Biological networks, including co-expression networks, often follow a power-law behavior (also called scale-free or small worlds networks), where few nodes have many connections (so called hubs in the network) and many nodes have few connections [41, 42]. We plotted the frequency (number of genes) of the node degree (number of connections a node has) for the Sorghum network, considering only edges with PCC > 0.7 (Additional file 1: Method S3). Similarly to the co-expression network of A. thaliana (Additional file 1: Figure S3), the Sorghum co-expression network also follows power-law behavior, indicated by the points in Fig. 3b forming a straight line. Hence the co-expression network has the expected topology.

Finally, to investigate whether the co-expression network can capture biologically meaningful information, we have investigated co-expression neighbors of Sb01g004330.1 PSAD-1 (Fig. 4), a photosystem I subunit required for photosynthesis. Directly connected to this gene are several other known components of Sorghum’s photosynthetic apparatus, but also three uncharacterized genes. The latter would be excellent candidates for future studies, as based on their position in the network they are likely involved in photosynthesis as well.

Fig. 4
figure 4

Co-expression neighborhood for Sb01g004330.1 (blue node). Nodes represent genes, while edges connect co-expressed genes. To easily visualize the neighborhood, we have decreased the number of genes co-expressed Sb01g004330.1 by increasing the PCC threshold to >0.925

Discussion

LSTrAP offers a single command solution to process a large volume of RNA-Seq samples and construct co-expression networks. Researchers working on species for which no co-expression networks exist, can construct one based on publically available data, similarly to the case study presented here on Sorghum bicolor. These co-expression networks can predict gene function, and thus help to identify relevant candidate genes in biological processes of interest and guide future experiments.

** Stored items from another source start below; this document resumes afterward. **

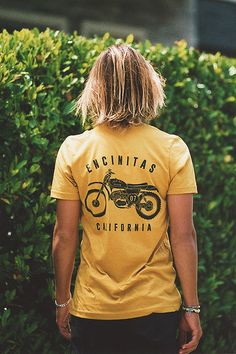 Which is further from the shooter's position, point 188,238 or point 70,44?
point 70,44

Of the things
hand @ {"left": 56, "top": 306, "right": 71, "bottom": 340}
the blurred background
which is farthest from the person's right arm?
the blurred background

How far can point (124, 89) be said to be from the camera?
2.91 metres

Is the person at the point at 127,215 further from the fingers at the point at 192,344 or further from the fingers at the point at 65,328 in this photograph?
the fingers at the point at 65,328

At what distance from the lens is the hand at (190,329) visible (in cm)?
297

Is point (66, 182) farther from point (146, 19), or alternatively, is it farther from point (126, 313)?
point (146, 19)

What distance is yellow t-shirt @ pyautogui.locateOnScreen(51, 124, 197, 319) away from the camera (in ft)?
9.35

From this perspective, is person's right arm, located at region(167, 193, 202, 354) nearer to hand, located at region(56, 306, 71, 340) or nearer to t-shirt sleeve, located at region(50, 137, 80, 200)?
t-shirt sleeve, located at region(50, 137, 80, 200)

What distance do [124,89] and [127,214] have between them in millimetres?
515

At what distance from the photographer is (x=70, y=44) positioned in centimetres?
435

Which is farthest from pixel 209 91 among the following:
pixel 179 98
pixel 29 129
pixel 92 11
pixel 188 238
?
pixel 92 11

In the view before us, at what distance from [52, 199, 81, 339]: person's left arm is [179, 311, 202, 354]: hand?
52 centimetres

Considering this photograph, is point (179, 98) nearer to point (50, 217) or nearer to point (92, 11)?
point (50, 217)

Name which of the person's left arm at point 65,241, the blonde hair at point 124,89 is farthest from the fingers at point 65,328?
the blonde hair at point 124,89

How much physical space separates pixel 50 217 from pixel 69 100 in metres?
0.73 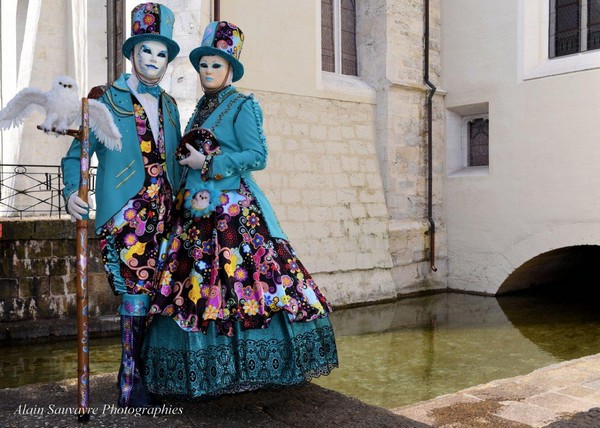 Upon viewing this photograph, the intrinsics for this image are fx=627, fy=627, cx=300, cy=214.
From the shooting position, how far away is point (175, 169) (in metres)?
2.63

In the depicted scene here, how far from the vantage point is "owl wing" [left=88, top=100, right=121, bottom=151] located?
234cm

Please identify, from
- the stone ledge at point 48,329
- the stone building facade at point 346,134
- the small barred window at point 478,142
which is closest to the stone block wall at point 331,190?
the stone building facade at point 346,134

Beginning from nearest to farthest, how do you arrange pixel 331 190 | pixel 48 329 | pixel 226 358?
pixel 226 358, pixel 48 329, pixel 331 190

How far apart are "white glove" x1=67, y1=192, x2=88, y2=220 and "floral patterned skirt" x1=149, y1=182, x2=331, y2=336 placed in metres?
0.36

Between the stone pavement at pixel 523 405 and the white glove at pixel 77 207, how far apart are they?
1678mm

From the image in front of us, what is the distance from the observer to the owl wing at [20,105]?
7.35ft

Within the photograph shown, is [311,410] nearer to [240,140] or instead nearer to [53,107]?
[240,140]

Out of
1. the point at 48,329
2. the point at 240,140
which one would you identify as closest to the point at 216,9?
the point at 48,329

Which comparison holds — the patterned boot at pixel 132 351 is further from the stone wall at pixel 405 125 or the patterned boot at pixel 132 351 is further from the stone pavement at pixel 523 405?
the stone wall at pixel 405 125

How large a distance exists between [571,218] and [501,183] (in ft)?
3.56

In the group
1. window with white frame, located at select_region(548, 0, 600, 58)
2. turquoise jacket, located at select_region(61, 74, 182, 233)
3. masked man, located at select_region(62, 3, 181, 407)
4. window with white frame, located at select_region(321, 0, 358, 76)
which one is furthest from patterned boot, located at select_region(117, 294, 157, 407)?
window with white frame, located at select_region(548, 0, 600, 58)

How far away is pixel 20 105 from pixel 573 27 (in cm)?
751

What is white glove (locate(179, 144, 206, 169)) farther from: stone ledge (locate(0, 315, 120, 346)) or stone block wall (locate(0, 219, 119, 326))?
stone ledge (locate(0, 315, 120, 346))

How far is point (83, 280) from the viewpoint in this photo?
2.30 m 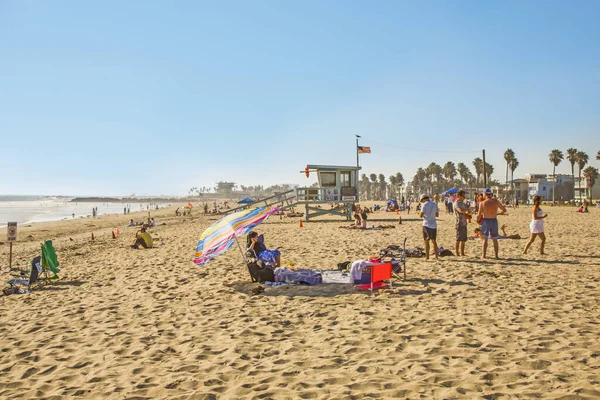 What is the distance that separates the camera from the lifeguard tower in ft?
89.2

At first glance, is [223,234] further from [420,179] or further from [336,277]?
[420,179]

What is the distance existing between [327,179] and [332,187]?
707mm

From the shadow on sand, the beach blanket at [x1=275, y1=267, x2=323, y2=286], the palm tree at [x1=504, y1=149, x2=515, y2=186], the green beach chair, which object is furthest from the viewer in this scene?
the palm tree at [x1=504, y1=149, x2=515, y2=186]

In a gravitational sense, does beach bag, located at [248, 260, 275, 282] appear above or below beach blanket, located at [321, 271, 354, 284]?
above

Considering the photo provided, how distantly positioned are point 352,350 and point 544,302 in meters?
3.92

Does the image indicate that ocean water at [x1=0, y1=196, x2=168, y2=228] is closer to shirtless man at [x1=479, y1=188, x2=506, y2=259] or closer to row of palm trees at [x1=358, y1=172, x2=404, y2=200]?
shirtless man at [x1=479, y1=188, x2=506, y2=259]

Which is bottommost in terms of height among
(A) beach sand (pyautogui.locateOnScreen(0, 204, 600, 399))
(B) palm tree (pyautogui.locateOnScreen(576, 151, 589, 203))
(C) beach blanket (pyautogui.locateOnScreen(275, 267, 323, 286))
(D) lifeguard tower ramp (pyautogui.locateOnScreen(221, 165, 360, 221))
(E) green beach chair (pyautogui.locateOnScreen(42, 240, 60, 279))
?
(A) beach sand (pyautogui.locateOnScreen(0, 204, 600, 399))

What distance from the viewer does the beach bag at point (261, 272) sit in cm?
879

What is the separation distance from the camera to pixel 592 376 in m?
3.99

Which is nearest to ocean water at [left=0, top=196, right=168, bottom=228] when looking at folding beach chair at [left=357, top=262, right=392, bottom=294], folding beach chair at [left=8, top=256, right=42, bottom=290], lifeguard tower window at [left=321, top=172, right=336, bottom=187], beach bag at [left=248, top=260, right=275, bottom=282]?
lifeguard tower window at [left=321, top=172, right=336, bottom=187]

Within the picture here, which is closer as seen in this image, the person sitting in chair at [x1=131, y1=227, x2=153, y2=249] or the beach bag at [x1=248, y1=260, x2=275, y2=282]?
the beach bag at [x1=248, y1=260, x2=275, y2=282]

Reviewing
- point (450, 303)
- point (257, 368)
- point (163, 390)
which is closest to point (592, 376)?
point (450, 303)

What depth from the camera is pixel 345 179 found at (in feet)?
92.6

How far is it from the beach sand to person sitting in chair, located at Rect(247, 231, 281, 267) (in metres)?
0.67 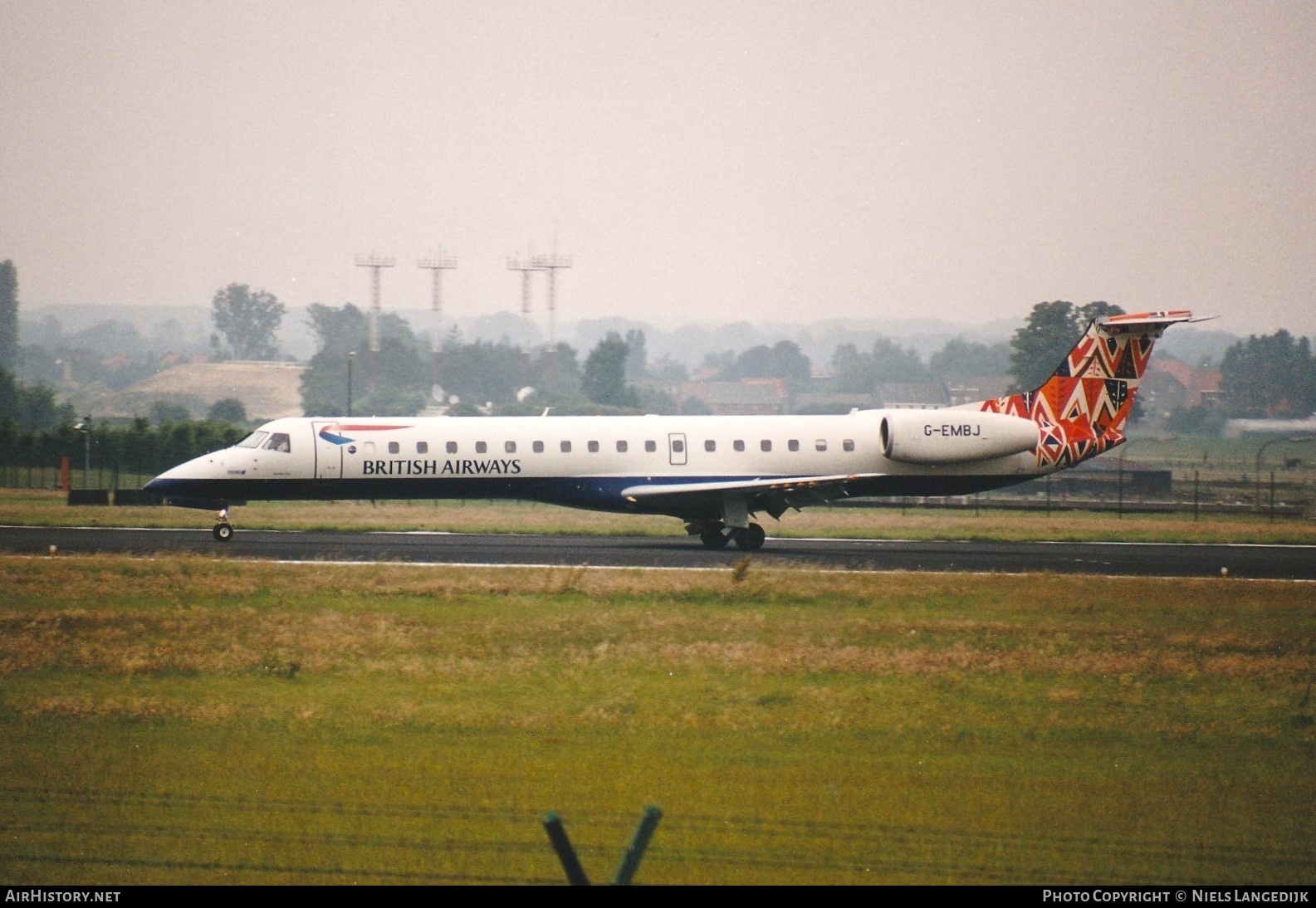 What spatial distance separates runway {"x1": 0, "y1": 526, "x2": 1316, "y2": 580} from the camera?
29.3 meters

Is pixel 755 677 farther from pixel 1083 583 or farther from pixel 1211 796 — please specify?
pixel 1083 583

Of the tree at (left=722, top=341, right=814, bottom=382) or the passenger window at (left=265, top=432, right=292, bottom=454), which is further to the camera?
the tree at (left=722, top=341, right=814, bottom=382)

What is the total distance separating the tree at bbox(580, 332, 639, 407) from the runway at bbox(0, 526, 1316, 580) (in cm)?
7376

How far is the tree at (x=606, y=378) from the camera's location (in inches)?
4336

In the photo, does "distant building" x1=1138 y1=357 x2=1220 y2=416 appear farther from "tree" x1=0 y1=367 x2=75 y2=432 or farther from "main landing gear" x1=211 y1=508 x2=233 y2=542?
"main landing gear" x1=211 y1=508 x2=233 y2=542

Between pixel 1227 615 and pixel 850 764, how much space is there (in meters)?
12.6

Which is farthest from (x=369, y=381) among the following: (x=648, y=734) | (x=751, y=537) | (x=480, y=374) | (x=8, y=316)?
(x=648, y=734)

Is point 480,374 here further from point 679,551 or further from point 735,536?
point 679,551

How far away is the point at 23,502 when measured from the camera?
46.3 meters

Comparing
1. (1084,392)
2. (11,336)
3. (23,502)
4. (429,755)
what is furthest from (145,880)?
(11,336)

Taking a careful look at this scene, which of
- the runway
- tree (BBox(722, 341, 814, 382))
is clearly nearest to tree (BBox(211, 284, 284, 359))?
tree (BBox(722, 341, 814, 382))

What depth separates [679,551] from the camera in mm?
32156

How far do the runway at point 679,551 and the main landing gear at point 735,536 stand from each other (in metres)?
0.46

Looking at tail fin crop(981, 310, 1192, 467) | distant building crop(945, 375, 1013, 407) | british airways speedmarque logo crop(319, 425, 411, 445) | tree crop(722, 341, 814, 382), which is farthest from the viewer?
tree crop(722, 341, 814, 382) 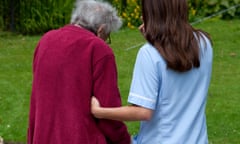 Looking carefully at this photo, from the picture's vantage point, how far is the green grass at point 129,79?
709cm

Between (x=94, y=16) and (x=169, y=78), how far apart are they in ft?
2.04

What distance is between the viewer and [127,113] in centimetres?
329

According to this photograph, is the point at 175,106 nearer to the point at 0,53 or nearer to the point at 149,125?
the point at 149,125

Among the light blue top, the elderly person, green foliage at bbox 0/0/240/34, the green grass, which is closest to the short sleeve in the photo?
the light blue top

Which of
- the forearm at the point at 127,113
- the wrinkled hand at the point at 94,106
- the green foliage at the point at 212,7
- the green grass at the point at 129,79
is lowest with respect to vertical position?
the green foliage at the point at 212,7

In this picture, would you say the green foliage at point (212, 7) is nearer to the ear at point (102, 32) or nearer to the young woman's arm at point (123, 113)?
the ear at point (102, 32)

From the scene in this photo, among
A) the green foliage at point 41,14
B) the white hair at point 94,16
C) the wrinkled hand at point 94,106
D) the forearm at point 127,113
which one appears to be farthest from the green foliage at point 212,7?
the forearm at point 127,113

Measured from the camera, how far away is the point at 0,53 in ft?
38.2

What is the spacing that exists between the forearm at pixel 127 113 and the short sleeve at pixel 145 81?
33mm

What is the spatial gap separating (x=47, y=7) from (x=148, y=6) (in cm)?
1114

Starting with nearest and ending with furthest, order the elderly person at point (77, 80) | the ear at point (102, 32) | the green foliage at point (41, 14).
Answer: the elderly person at point (77, 80)
the ear at point (102, 32)
the green foliage at point (41, 14)

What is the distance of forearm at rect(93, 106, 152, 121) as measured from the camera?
3.25 m

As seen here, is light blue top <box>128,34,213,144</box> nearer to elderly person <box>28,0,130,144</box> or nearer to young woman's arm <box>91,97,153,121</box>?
young woman's arm <box>91,97,153,121</box>

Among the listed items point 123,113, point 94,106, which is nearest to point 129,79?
point 94,106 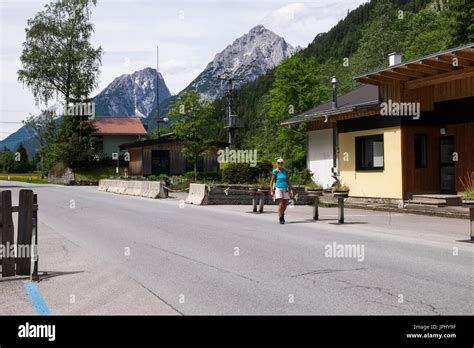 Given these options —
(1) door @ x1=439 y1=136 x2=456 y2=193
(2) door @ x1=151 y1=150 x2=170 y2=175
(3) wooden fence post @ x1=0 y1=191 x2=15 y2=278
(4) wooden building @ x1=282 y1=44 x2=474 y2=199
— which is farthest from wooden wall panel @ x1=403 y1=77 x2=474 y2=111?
(2) door @ x1=151 y1=150 x2=170 y2=175

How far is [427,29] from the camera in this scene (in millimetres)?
62344

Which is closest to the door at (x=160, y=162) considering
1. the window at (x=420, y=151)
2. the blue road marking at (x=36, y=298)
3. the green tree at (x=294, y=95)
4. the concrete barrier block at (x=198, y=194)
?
the green tree at (x=294, y=95)

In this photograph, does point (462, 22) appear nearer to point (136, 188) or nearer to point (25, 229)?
point (136, 188)

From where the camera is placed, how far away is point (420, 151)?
72.6 feet

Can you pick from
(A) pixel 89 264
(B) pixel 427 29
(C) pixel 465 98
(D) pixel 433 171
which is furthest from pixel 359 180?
(B) pixel 427 29

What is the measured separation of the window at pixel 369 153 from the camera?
2314 centimetres

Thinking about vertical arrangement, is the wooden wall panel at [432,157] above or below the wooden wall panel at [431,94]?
below

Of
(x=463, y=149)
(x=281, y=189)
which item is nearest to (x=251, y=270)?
(x=281, y=189)

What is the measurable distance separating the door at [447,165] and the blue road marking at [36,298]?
1778cm

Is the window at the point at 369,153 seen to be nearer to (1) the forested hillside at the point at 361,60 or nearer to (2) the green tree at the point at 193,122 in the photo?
(1) the forested hillside at the point at 361,60

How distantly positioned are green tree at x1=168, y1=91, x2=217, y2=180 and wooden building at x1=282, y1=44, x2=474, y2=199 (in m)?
25.6

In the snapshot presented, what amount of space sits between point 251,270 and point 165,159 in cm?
5183

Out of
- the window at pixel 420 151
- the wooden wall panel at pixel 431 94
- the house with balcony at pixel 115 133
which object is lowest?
the window at pixel 420 151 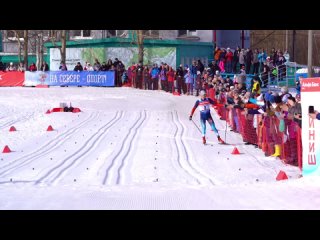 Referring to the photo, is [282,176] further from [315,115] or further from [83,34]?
[83,34]

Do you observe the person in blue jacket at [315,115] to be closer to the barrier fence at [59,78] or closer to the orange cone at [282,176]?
the orange cone at [282,176]

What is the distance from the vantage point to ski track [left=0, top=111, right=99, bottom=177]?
48.6ft

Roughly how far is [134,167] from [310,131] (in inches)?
178

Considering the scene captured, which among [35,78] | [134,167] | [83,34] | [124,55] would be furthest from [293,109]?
[83,34]

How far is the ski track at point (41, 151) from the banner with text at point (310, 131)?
6.57 metres

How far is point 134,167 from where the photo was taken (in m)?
14.6

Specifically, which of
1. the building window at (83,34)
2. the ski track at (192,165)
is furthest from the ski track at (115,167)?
the building window at (83,34)

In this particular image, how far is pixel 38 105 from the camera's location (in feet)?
103

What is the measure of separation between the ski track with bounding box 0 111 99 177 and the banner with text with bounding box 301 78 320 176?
6574mm

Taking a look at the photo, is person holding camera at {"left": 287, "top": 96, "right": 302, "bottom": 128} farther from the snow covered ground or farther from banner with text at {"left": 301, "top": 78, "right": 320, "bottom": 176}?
banner with text at {"left": 301, "top": 78, "right": 320, "bottom": 176}

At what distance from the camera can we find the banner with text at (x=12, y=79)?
43156 millimetres

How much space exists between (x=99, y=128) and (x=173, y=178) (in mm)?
9730

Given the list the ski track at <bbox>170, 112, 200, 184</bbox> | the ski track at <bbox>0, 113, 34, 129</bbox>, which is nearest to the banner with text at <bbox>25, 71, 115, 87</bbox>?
the ski track at <bbox>0, 113, 34, 129</bbox> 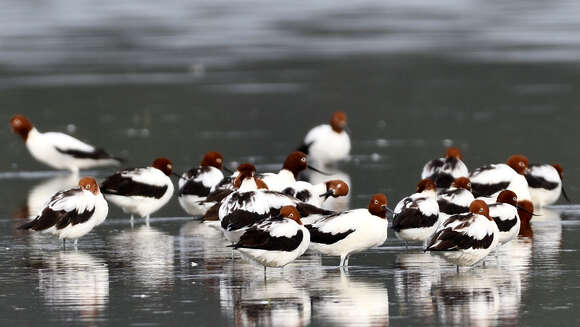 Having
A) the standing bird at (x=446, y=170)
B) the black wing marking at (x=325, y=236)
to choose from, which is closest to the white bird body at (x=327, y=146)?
the standing bird at (x=446, y=170)

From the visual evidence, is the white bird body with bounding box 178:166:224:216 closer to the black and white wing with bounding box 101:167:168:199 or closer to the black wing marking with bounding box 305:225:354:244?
the black and white wing with bounding box 101:167:168:199

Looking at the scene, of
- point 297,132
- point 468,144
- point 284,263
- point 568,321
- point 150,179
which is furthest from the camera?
point 297,132

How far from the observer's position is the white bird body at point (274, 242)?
35.8ft

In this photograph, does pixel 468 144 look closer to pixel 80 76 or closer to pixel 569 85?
pixel 569 85

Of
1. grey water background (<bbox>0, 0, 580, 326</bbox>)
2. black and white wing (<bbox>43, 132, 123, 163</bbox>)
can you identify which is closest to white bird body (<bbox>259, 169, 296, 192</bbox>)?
grey water background (<bbox>0, 0, 580, 326</bbox>)

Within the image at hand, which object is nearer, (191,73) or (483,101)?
(483,101)

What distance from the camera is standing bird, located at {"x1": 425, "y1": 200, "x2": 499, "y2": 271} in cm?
1110

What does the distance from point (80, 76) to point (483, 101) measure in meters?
9.90

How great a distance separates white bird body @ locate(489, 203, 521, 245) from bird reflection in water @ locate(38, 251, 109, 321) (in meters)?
3.57

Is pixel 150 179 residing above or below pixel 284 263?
above

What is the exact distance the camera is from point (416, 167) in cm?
1864

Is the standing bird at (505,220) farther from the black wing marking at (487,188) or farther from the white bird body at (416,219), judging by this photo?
the black wing marking at (487,188)

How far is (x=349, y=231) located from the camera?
11.5 metres

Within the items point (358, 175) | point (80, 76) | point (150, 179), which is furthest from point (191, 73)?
point (150, 179) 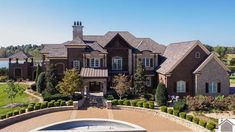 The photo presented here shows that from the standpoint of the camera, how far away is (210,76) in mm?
42438

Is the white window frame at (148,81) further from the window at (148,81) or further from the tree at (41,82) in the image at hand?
the tree at (41,82)

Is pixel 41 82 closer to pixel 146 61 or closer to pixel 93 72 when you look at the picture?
pixel 93 72

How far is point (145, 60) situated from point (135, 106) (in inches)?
545

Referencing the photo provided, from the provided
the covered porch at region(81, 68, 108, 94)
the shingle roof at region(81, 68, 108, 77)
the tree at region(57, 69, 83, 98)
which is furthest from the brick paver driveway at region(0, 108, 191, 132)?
the shingle roof at region(81, 68, 108, 77)

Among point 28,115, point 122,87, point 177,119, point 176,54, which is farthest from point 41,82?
point 177,119

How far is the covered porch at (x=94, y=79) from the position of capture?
1702 inches

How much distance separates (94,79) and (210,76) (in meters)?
17.0

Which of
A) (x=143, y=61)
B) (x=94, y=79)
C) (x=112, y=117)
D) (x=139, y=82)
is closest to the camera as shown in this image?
(x=112, y=117)

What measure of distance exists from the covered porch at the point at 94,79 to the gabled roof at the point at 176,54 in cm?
889

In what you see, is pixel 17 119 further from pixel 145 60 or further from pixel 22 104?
pixel 145 60

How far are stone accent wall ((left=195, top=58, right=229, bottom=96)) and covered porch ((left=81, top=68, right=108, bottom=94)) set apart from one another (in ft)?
44.9

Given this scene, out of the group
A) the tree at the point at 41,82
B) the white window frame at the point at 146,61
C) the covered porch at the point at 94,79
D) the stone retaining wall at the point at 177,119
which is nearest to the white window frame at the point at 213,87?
the white window frame at the point at 146,61

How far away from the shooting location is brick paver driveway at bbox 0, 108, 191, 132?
28062mm

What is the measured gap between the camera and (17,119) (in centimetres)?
3128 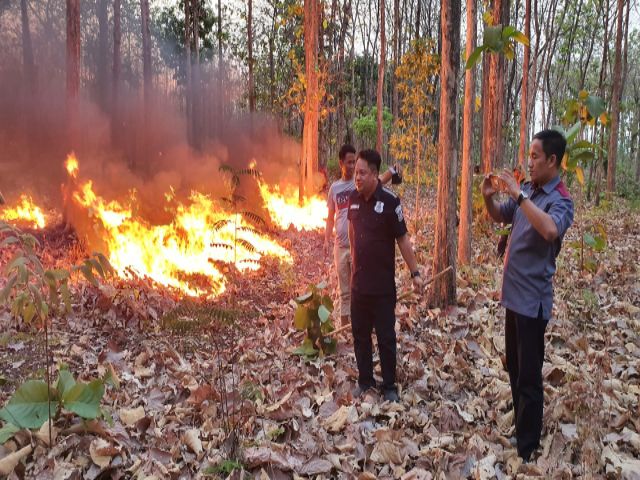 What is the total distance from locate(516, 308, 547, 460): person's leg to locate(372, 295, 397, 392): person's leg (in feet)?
3.61

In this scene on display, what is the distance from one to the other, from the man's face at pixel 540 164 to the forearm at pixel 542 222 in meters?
0.30


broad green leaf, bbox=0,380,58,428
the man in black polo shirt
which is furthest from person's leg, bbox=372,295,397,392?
broad green leaf, bbox=0,380,58,428

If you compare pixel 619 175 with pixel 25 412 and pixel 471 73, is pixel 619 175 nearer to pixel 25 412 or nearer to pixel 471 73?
pixel 471 73

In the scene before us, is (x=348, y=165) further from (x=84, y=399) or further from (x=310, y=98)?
(x=310, y=98)

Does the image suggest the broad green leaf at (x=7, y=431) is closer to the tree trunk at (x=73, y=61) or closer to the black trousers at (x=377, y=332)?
the black trousers at (x=377, y=332)

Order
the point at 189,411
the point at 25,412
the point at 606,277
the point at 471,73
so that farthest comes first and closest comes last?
1. the point at 606,277
2. the point at 471,73
3. the point at 189,411
4. the point at 25,412

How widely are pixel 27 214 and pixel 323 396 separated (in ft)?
31.7

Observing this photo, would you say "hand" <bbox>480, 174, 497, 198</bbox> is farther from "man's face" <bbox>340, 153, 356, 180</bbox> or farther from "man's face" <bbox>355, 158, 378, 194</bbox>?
"man's face" <bbox>340, 153, 356, 180</bbox>

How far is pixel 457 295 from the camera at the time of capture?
6.59m

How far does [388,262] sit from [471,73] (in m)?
4.34

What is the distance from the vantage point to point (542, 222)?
2791mm

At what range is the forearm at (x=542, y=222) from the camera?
2783 millimetres

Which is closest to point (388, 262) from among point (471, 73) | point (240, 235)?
point (471, 73)

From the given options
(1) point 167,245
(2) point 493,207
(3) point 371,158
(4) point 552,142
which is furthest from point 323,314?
(1) point 167,245
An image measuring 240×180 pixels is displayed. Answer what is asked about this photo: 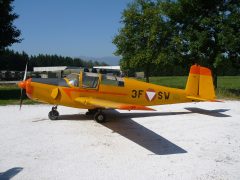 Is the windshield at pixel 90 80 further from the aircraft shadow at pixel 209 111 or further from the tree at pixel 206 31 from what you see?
the tree at pixel 206 31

Smaller datasets, e.g. sampling a wild-type & mutant or control & treatment, which are insufficient to construct a co-expression network, can be prepared efficiently in LSTrAP for detection of differentially expressed genes (DEG). Read trimming, mapping and counting are shared among the RNA-Seq analyses. Therefore, running the pipeline up-to-and-including HTSeq-Count provides a simple one-step solution to obtain processed RNA-Seq data compatible with methods allowing DEG detection, such as DESeq2 [43].

As RNA-Seq technology and tools continues to improve future releases of LSTrAP will focus on including new and better tools into this workflow. Furthermore, downstream steps could be added to facilitate users in their quests to explore the generated co-expression networks.

Conclusions

Expression profiles and co-expression networks have been proven to be valuable tools to predict functions of uncharacterized genes. However, building these networks using thousands of RNA-Seq samples was impractical. LSTrAP allows quick processing and quality assessment of large multi-species datasets to produce biologically meaningful co-expression networks. By further integrating functional and comparative data, LSTrAP enables the study of co-expression networks in a broad evolutionary context.